BY TOM LYONS
LIBBY Coppinger is the last of a dying breed.
In 2017, the St Colum’s woman won an All-Ireland senior camogie medal with Cork and a national league ladies’ football medal, the only dual player after Rena Buckley opting out of football.
At the Carbery GAA Awards in the Westlodge Hotel in Bantry last Friday, she received the September award along with Orla Cronin, in honour of the All-Ireland win.
She was really enjoying the occasion with family and friends from Kealkil and Bantry but was fully conscious of the fact that she would have to be up early the following morning to make the long trip to Offaly for a camogie league game. She was happy to share her story.
‘I actually started my football career earlier than camogie,’ she said, ‘as we had a girls’ football team but no camogie. I played hurling for a year with the boys before my Mam and Uncle Tony started up the camogie club in 2009.
‘Later I had to transfer to Bantry for my football, where we won the county junior and intermediate, and combined with Clonakilty to play camogie because we just didn’t have the numbers in Kealkil.’
Coppinger’s dual role with Cork started at a young age, when she was just a minor.
‘My last year as a minor, I played on both Cork teams,’ she said, ‘and that was the beginning of my dual role, there was no preference, I love playing both. They’re very different games and football would probably come more naturally to me.
‘You have to work very hard at the camogie, not that you don’t work hard at football too. I was with the camogie intermediate team in 2016 and with the Cork football U21 team at the same time. The senior footballers were the first to come knocking that season.’
‘The choice of picking one over the other has never arisen,’ she said.
‘I’ve had great success in both codes and that definitely helped. Both managers, understandably, are selfish about their players but they’re great in making sure I’m well looked after.
‘They might fight for me when they need me and sure that’s a good thing for me.’
Of course, playing both games at the top level takes a ferocious commitment and it’s understandable from Coppinger’s hectic schedule while few players now go for both.
‘I’m in college at the moment, in third year in UCC but come home every weekend,’ she said.
‘At the moment there are so many matches and stuff, so it’s games more than training right now. We have football on Wednesday, Friday and Sunday and camogie on Tuesday and Thursday and kind of Sunday as well. There’s college games on top of that. We lost the Ashbourne Cup final on Wednesday night last, heartbreaking but we’ll keep trying.
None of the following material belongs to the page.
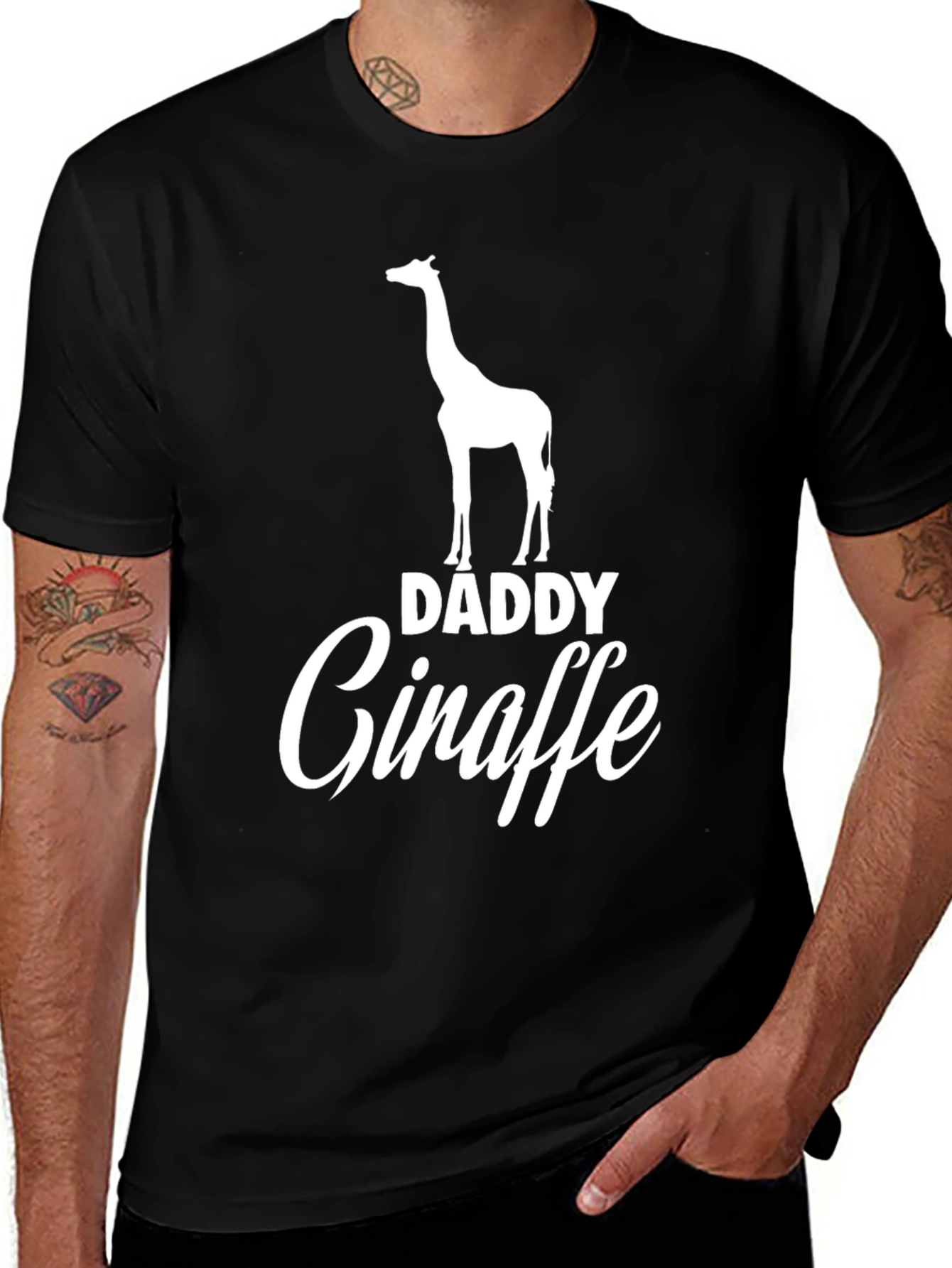 Variant 28 of Daddy Giraffe Black Graphic Tee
‘Last summer I was six nights a week on the pitch. Now I wouldn’t be doing full sessions every time and with matches I’d be looking after myself. I love matches, Training is okay but it’s the matches that give me the hunger, keep me fresh. I’ve never actually sat down to figure out how many matches I play in a season or how many training sessions, but it’s a lot. But it’s the matches you want to be playing.’
Regular travel from Kealkil to Cork and back brings it challenges. ‘It’s tough going alright,’ said Coppinger.
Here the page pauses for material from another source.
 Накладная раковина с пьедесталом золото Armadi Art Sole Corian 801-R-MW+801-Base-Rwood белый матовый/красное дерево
‘It’s more the thought of the journey than the actual journey itself. Once you’re in the car it’s okay. You take it all in your stride. Once you hit the top of Cousane on the way back, you’re almost home and it’s a great feeling.
‘In reality, I probably won’t be able to keep it going for too long. I don’t know what will happen when I finish college or what commitments I will have then. I would like to keep it all going. Being in college in Cork definitely helps but these last few weeks even have been hectic with college games, training, league matches. I’ll try to keep it going as long as I can.’